Mohon tunggu...
Sry Lestari Samosir
Sry Lestari Samosir Mohon Tunggu... Editor -

I'm a simply girl

Selanjutnya

Tutup

Inovasi

Merevitalisasi Nilai-Nilai Kearifan Lokal dalam menjaga Lingkungan Hutan Pakpak Bharat

25 September 2015   08:42 Diperbarui: 25 September 2015   09:18 701
+
Laporkan Konten
Laporkan Akun
Kompasiana adalah platform blog. Konten ini menjadi tanggung jawab bloger dan tidak mewakili pandangan redaksi Kompas.
Lihat foto
Bagikan ide kreativitasmu dalam bentuk konten di Kompasiana | Sumber gambar: Freepik

            Pakpak merupakan suatu kelompok suku bangsa yang terdapat di Sumatera Utara. Secara tradisional wilayah komunitasnya disebut tanoh Pakpak. Tanoh Pakpak terbagi atas sub wilayah yakni: Simsim, Keppas, Pegagan (Kab Dairi), Kelasen (Kec. Parlilitan – Humbahas) dan Kec. Manduamas (Tapteng) Serta Boang (Aceh Singkel). Dalam administratif di 5 Kabupaten, yakni: Kab Pakpak Bharat, Kab Dairi, Kab Humbang Hassundutan, Kab Tapanuli Tengah (Sumatera Utara) dan Kab Singkel (NAD).

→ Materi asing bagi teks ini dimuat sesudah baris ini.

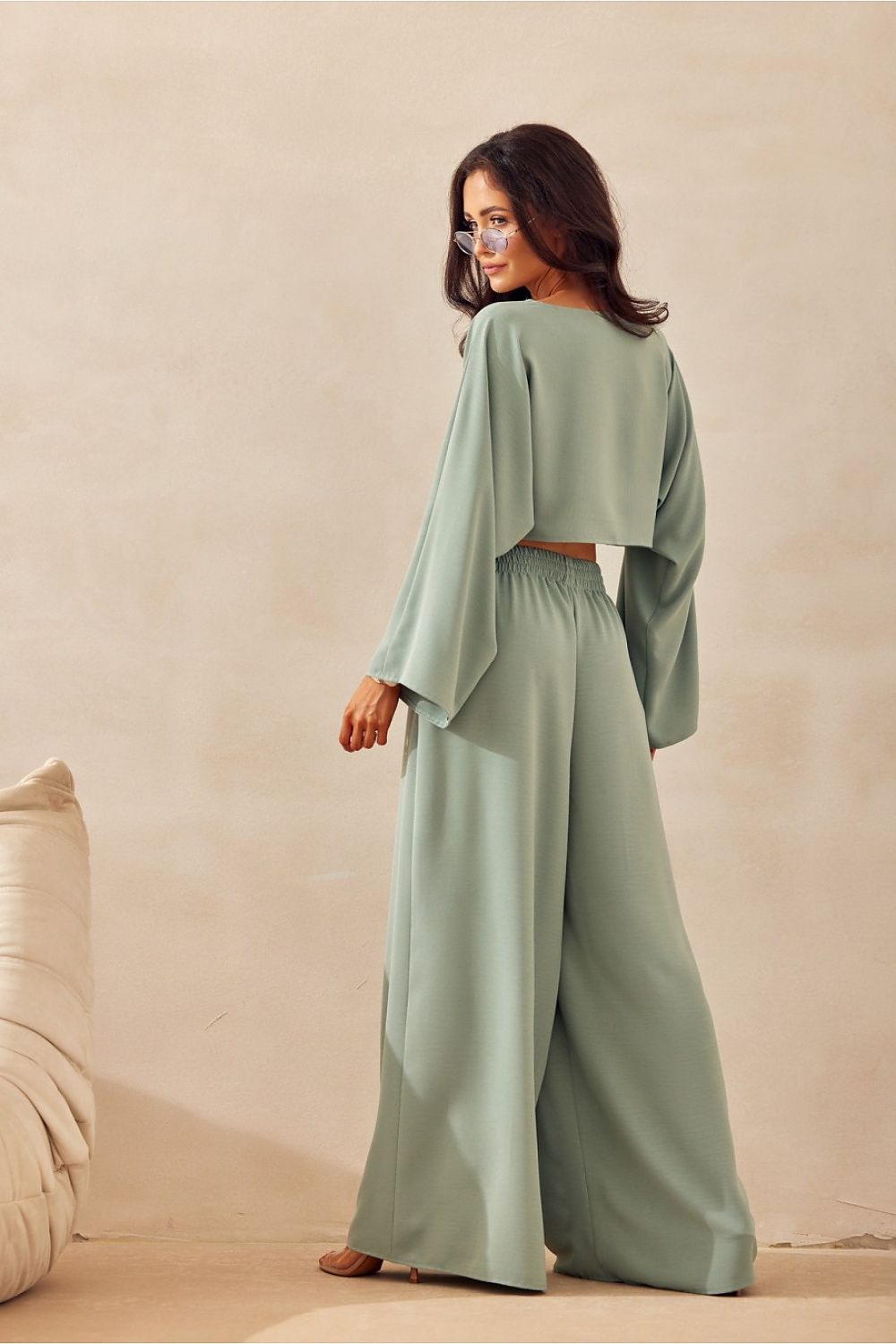 Blouse model 214542 Roco Fashion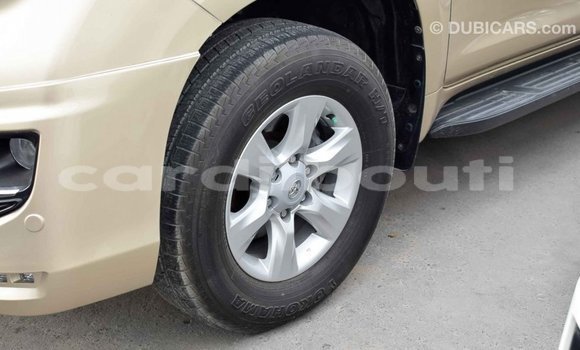 Buy Import Toyota Prado Other Car in Import - Dubai in Ali Sabieh Region Buy Import Toyota Prado Other Car in Import - Dubai in Ali Sabieh Region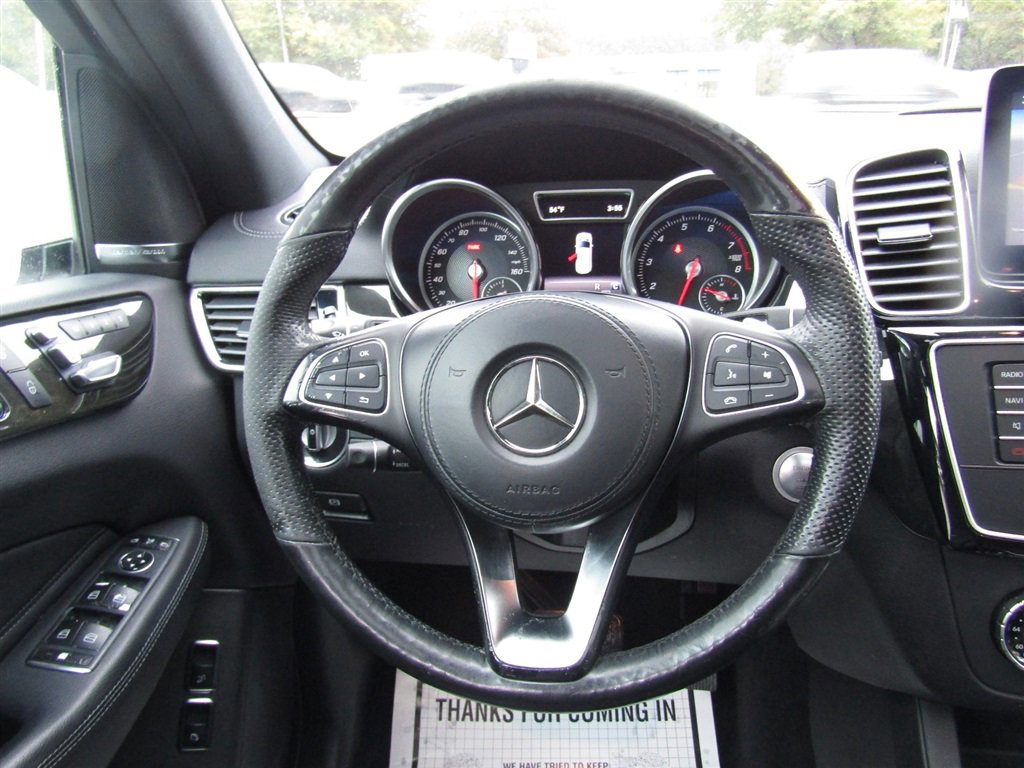 Used 2018 Mercedes-Benz GLS 450 4MATIC image 25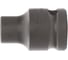Головка торцевая ударная (17 мм, 1/2" DR) 5400.17 Carolus 1849468 1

            Masyarakat adat Pakpak memiliki sejumlah nilai budaya, pengetahuan, aturan, kepercayaan, tabu, sanksi, upacara dan perilaku budaya yang arif dalam pengelolaan lingkungan. Kearifan dalam konservasi alam tersebut terjadi dalam berhubungan dengan alam. Ada yang disadari dan ada pula yang tidak disadari oleh masyarakat Pakpak yang terkandung dalam sejumlah nilai, aturan, tabu dan upacara terutama kegiatan yang berhubungan langsung dengan alam seperti dalam sistem ladang berpindah, mencari damar, berburu, dan meramu dan pengelolaan hutan kemenyaan.

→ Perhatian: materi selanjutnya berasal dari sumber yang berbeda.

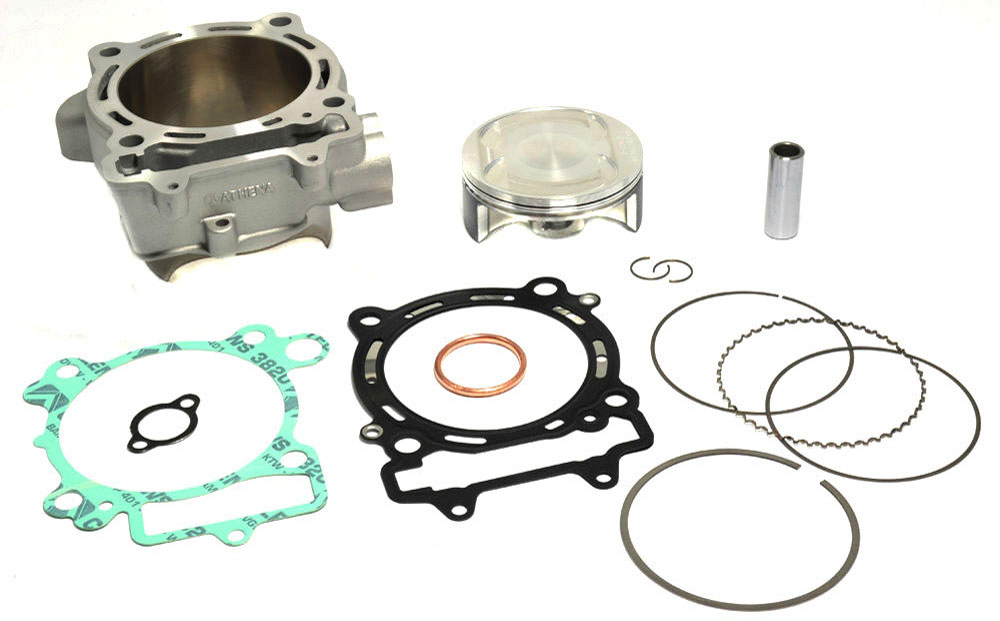 Complete cylinder ATHENA P400250100003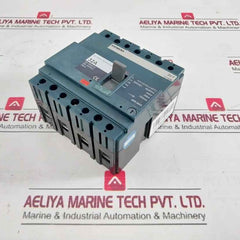 Siemens 3Vt8203-1Ba04-0Aa2 Molded Case Circuit Breaker 500Vac 50/60Hz 4 Pole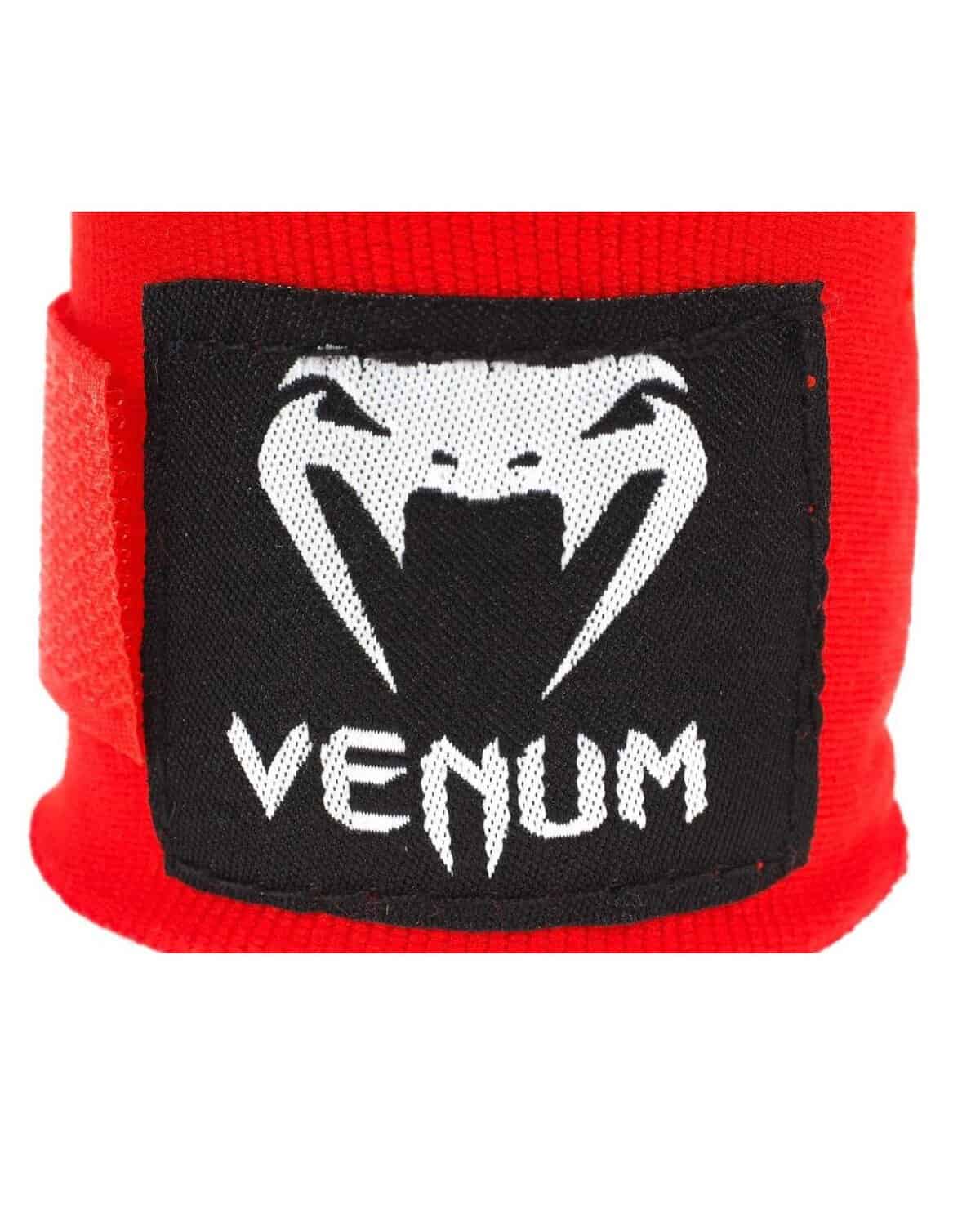 Boxing Hand Wraps – 5 m – Red – photo 5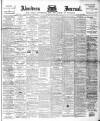 Aberdeen Press and Journal Tuesday 09 May 1899 Page 1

        Selain itu berhubungan dengan kepercayaan tradisional di setiap lebih dan kuta ditemukan atau dikenal adanya area-area yang pantang untuk di ganggu unsur biotik dan abiotik yang ada di dalamnya karena dianggap mempunyai kekuatan gaib antara lain: rabag, gua, daerah pinggiran sungai dan jenis-jenis pohon dan binatang tertentu yang dianggap memiliki mana. Jenis tumbuhan tersebut misalnya pohon ara, Simbernaik (sejenis pohon penyubur tanah)

        Jenis binatang yang jarang diganggu misalnya monyet, kera dan harimau. Pada awalnya tempat-tempat tersebut dijadikan sebagai tempat persembahan terhadap kekuatan gaib namun saat ini walaupun umumnya mereka telah menganut agama-agama besar seperti Islam dan Kristen, tetap dianggap keramat dan mempunyai kekuatan sehingga kalau diganggu dapat berakibat terhadap keselamatan baik secara langsung maupun tidak langsung (Berutu, 1994; 1996; 1997;1998; 1999)

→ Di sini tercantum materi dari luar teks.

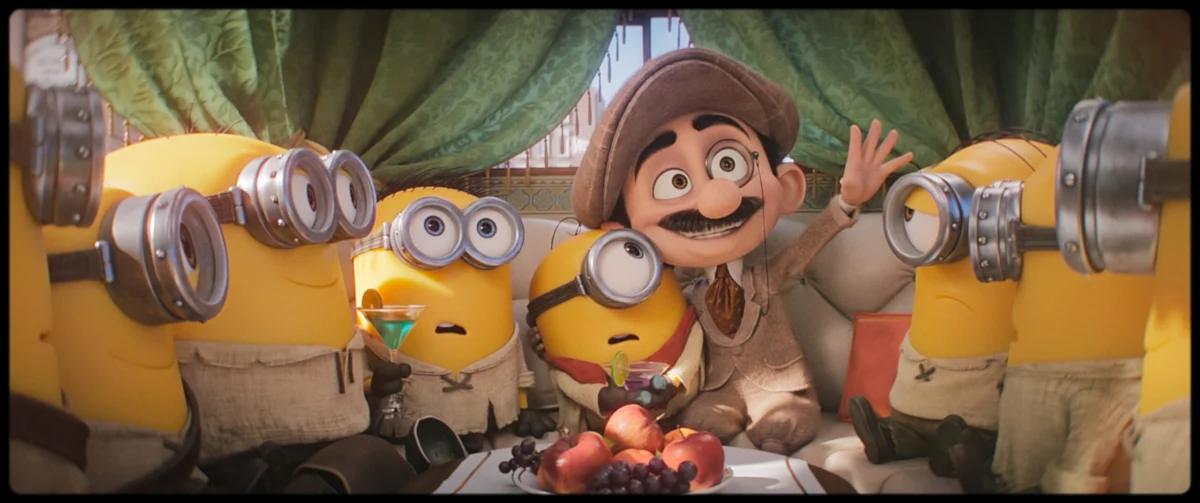 From Global Blockbuster to Personal Passion: Inside Pierre Coffin’s Creative Rebirth with Minions & Monsters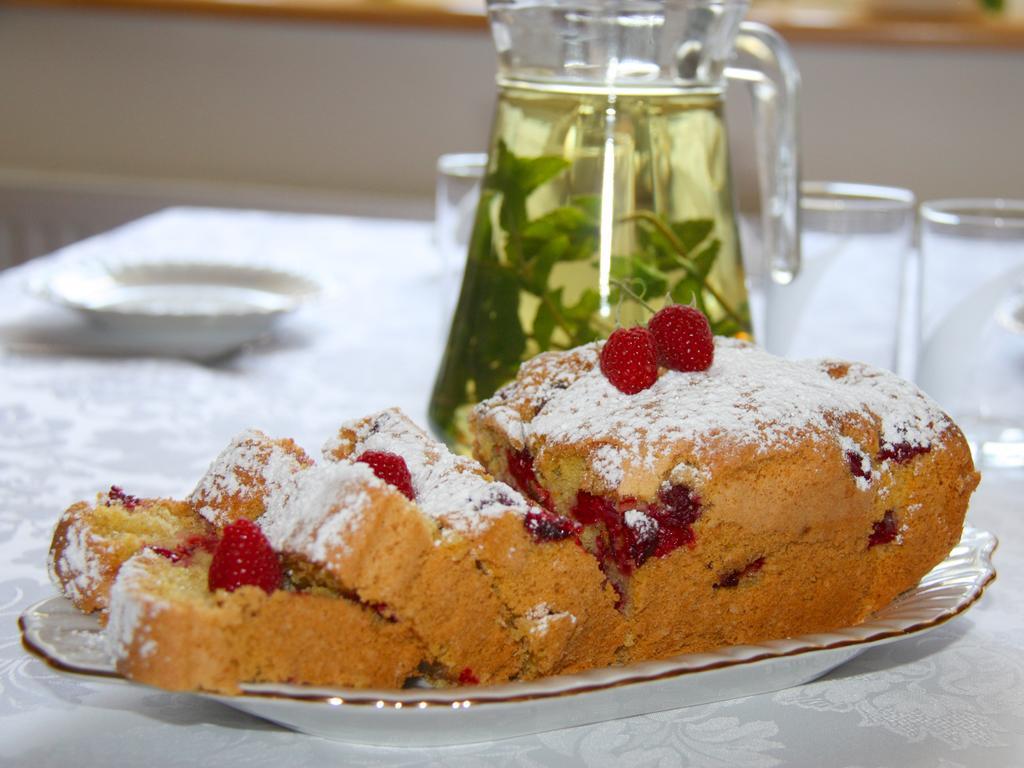 Farm stay Orlikowe Wzgorze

Kearifan lokal terkait dengan pengelolaan hutan kemenyan masyarakat Pakpak, yaitu dengan tidak menebang pohon ataupun membuka lahan baru melainkan mengusahakan pohon kemenyan yang tumbuh liar. Adapun pembukaan lahan baru namun tidak dimaksudkan menjadikan hutan kemenyan menjadi hutan tanaman monokultur. Petani kemenyan juga menggunakan alat-alat yang masih tradisional yang mereka buat sendiri. Nilai, aturan serta makna yang ada pada masyarakat Pakpak tersebut semuanya tercakup dalam kepercayaan dan upacara-upacara adat. Kepercayaan petani kepada penghuni hutan merupakan salah satu nilai luhur yang turut menjaga kelestarian hutan. Persembahan dalam bentuk pemberian sesajen (memele) kepada nenek moyang (penjaga hutan) merupakan bentuk penghormatan masyarakat Pakpak kepada hutan yang telah memberikan penghidupan kepada mereka.

            Namun pada kenyataannya saat ini sudah banyak masyarakat lokal yang mengabaikan makna kearifan lokal tersebut. Daerah yang menjadi hutan adat pun semakin gersang. Banyak pohon-pohon yang dirambah kayu-kayu untuk kepentingan kapital. Sebut saja Kaum Kapitalis yang menjadi Rampok biang keladi perusakan lahan hutan. Seperti data yang saya dapatkan dari informan bahwa TPL banyak merambah hutan masyarakat sehingga sumber-sumber air di Pakpak Bharat sudah mulai mengering. “Banyak sawah-sawah sudah kekeringan karena sumber airnya mati. Dan yang paling parahnya lagi PLTMH (pembangkit listrik tenaga mikro hidro terancam stop beroperasi akibat kekurangan debit air. Hutan di hulu juga sudah rusak dan terancam mengakibatkan banjir bandang karena tidak bisa menahan air lagi,” ungkap seorang petani dengan nada lirih.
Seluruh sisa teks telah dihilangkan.